My weight this morning was 180.6, down a full lb from last Tuesday. For many people, losing only one pound a week will be much too slow to satisfy their rush to get the weight off. But for me, it's not just about losing weight, it's about enjoying life while I'm losing it and having the confidence to know that what I am doing is inspired by Heavenly Father -- He knows much better than anyone else what my body needs at this time. I still can't believe I am even losing weight at all from a 1750 calorie budget. Steps take me about 50 minutes or so, and since I do them at home, I don't have any lost time from driving to and from a gym. I'm able to listen to scriptures while I do steps, so I am not only strengthening my body, but nourishing my spirit.

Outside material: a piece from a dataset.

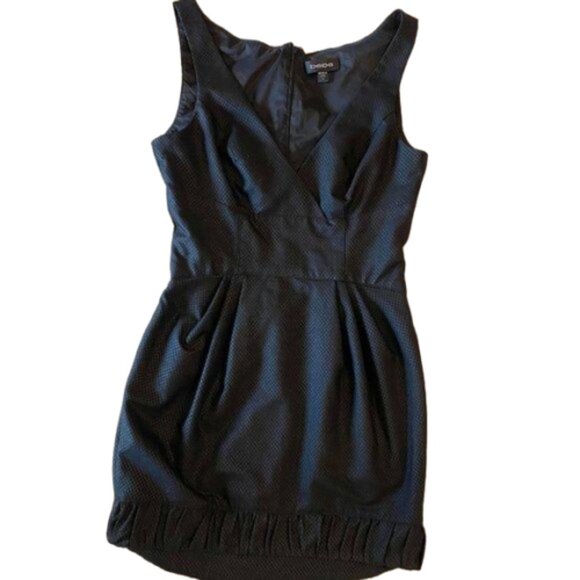 Bebe Black V Neck Sleeveless Zip Up Bubble Hem Mini Dress Size 4 #1624 - Picture 1 of 13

It's a very good program for me, and I'm indeed grateful for the inspiration from Heavenly Father. I don't know what mechanism fails when we let ourselves go like that, but I feel it is just one of the addictive behaviors that plague our society -- be it drugs, or alcohol, or food, or pornography, or computer games, or whatever. God gives us weaknesses so we may become strong. Whatever weakness we have, it's for our good.
Here's my progress chart. Click to enlarge.
Edited to Add:
I had barely gotten started with my steps tonight when I felt inspired to do 200 each of the 5 arm exercises -- so I did. That was tough. Since I do the arm exercises for half (10 out of each 20 steps), that totaled 100 repetitions of each exercise, using 10 lb weights in each hand.